Los tiempos recientes han encontrado a la Corte Suprema, por primera vez desde su renovación en 2003/2004, en la vereda de enfrente del Gobierno. Con ello no queremos decir, necesariamente, que la Corte haya sido complaciente sino que hasta este momento había convivido sin mayores sobresaltos, manejando sus recursos materiales y simbólicos de manera estratégicamente impecable. Pero las circunstancias cambian, las apuestas se elevan y los actores mutan objetivos y modus operandi. En estos contextos es cuando las instituciones se prueban y se testea lo que, en psicología, se llama resiliencia, ello es, la capacidad para superar dificultades. En el caso de la Corte Suprema, esa resiliencia está directamente relacionada con el caudal de legitimidad que la misma posea y que hace que, a pesar de la coyuntura política y su mayor o menor acierto o popularidad en el manejo de una situación, la sociedad y los actores políticos estén dispuestos a obedecerla. Construir esa legitimidad es lo que la Corte Suprema hace día a día, de un modo complejo y muchas veces implícito. En este post y en el siguiente intentaremos: 1) conceptualizar y analizar algunas de las variables intervinientes en el proceso de construcción de legitimidad y 2) trazar un esquema de la estrategia que la Corte Suprema ha seguido desde su renovación en el período 2003/2004.

Para definir, hay que definirse

El camino que lleva a la legitimidad es complicado y por ello nada mejor que empezar por una definición. Si tomamos la del que quizás sea el artículo más citado en la materia, nos encontramos con que “legitimidad es la percepción o suposición generalizada de que las acciones de una entidad son deseables, correctas o apropiadas dentro de un sistema socialmente construido de normas, creencias y definiciones”. ¿Qué significa esto y por qué es importante? Porque cuando las acciones de una organización se adaptan (o son congruentes con) el sistema normativo-cultural en el que ella se inserta, eso genera obediencia y conformidad con sus decisiones. Esto parece una verdad de Perogrullo, pero la cosa comienza a complicarse cuando tenemos que definir ese sistema sobre el que vamos a comparar sus acciones. En el caso de la Corte Suprema, por ejemplo, ¿qué es lo que tiene que hacer? En la medida en que no sepamos lo que tiene que hacer, no podremos saber si sus acciones responden a ese paradigma o no.

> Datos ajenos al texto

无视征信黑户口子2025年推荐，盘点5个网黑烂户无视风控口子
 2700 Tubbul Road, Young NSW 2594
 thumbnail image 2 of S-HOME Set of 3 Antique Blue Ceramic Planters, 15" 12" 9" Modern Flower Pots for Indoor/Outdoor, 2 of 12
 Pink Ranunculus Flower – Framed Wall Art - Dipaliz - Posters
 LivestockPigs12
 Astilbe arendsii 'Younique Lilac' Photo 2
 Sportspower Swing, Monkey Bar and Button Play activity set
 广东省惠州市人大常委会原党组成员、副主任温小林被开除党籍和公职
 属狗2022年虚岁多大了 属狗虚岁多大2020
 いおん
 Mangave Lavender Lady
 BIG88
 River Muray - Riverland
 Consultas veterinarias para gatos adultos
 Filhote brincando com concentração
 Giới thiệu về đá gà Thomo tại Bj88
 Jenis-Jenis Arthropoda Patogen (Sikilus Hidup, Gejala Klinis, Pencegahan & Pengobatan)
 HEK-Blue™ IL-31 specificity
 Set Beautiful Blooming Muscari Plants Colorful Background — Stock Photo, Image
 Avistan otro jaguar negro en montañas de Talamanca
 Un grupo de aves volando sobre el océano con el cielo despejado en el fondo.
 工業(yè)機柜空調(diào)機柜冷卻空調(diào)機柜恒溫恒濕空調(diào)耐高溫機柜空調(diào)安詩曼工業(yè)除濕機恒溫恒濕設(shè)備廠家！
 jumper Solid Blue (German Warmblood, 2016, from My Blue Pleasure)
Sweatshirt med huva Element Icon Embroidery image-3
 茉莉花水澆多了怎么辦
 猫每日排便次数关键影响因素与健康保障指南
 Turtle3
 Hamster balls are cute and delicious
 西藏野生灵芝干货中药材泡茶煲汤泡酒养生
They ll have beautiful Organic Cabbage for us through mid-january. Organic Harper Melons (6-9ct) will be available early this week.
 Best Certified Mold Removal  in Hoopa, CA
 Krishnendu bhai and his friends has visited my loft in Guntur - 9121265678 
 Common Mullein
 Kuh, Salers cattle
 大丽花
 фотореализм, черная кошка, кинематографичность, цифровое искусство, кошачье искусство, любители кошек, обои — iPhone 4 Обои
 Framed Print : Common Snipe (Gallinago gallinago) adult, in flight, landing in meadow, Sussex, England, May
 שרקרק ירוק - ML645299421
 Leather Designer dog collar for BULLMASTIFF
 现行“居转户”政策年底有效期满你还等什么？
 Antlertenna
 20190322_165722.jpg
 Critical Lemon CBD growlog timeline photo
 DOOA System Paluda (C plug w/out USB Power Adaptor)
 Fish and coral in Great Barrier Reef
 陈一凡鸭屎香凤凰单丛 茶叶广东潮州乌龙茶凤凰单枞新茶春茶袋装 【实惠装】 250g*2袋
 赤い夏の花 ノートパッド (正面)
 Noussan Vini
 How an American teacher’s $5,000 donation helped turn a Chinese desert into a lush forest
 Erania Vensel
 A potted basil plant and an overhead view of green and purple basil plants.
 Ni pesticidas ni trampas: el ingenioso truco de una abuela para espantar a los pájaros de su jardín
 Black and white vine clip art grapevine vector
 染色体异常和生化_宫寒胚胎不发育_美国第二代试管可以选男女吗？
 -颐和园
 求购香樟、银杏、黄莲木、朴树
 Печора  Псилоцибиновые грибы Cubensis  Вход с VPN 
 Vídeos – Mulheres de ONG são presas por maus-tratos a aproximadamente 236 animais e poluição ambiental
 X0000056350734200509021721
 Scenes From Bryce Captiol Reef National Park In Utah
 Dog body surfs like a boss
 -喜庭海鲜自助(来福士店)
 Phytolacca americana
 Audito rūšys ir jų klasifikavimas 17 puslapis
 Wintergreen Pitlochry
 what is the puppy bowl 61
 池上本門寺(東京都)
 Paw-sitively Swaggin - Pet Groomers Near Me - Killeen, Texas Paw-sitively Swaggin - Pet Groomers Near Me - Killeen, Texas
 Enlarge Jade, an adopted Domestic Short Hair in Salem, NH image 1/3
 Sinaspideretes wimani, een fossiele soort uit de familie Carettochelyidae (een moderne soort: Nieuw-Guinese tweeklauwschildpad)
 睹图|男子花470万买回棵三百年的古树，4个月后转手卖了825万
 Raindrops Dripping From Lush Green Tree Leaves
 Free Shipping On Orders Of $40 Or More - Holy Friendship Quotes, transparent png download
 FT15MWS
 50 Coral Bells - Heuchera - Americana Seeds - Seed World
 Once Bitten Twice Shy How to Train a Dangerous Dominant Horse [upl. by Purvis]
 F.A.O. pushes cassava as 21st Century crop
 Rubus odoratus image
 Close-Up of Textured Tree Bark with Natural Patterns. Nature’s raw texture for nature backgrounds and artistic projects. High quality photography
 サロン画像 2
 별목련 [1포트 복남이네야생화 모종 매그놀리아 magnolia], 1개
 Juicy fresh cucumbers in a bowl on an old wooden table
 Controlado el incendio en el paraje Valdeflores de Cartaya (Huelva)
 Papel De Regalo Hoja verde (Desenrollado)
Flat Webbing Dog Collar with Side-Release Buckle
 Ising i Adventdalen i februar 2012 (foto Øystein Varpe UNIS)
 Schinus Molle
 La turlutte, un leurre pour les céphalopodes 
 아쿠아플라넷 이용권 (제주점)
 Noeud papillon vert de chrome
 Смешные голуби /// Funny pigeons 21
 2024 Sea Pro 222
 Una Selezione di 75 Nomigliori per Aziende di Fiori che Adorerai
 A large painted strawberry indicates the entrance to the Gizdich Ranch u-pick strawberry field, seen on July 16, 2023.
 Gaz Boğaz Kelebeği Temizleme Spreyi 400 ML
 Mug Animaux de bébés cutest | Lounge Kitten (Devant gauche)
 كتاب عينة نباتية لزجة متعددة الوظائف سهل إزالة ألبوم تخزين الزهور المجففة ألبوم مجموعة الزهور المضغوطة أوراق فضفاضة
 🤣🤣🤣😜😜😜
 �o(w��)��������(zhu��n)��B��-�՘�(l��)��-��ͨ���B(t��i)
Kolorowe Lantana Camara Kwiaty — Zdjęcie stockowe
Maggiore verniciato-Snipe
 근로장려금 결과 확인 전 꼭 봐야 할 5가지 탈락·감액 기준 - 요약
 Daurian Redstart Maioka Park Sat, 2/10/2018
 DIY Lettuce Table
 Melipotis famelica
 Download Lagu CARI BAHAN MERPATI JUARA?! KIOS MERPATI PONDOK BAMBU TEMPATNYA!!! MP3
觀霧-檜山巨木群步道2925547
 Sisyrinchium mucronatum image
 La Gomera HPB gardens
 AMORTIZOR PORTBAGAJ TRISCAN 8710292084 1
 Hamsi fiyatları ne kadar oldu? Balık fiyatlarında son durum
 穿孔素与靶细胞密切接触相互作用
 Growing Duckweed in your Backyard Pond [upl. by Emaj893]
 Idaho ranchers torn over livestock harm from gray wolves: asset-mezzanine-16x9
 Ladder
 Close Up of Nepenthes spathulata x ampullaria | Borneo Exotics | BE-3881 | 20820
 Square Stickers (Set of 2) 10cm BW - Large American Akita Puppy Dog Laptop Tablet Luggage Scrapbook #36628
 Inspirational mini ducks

Pues bien, la cuestión es que hoy en día no tenemos tan claro que es lo que los Tribunales deben hacer. Y no lo tenemos claro porque el derecho ha evolucionado mucho desde la formulación mecánica de “hacer la ley-ejecutarla-aplicarla” en el que se basaba el dicho Montesquiano del juez como “la boca que pronuncia las palabras de la ley”.  Tenemos claro y hemos leído mucho sobre el fenómeno de la judicialización para saber que, estructuralmente, los jueces tienen un rol más activo que en el pasado. Ahora bien, ¿cómo es ese rol? Eso no está tan claro porque los diseños institucionales no han evolucionado al mismo ritmo que la realidad social y las funciones que el Derecho asume en ella. Por lo tanto, el rol del Juez está, en su esencia, definido por las normas constitucionales (interpretar la Constitución, decidir controversias entre particulares, tener estabilidad en los cargos, etc.) pero el enorme resto de su identidad, se encuentra sujeto a su propio proceso de auto-construcción. ¿Activista o autolimitada? ¿Competencia amplia o restringida? ¿Control de los poderes públicos o privilegio de los derechos fundamentales? ¿Muchos casos o pocos?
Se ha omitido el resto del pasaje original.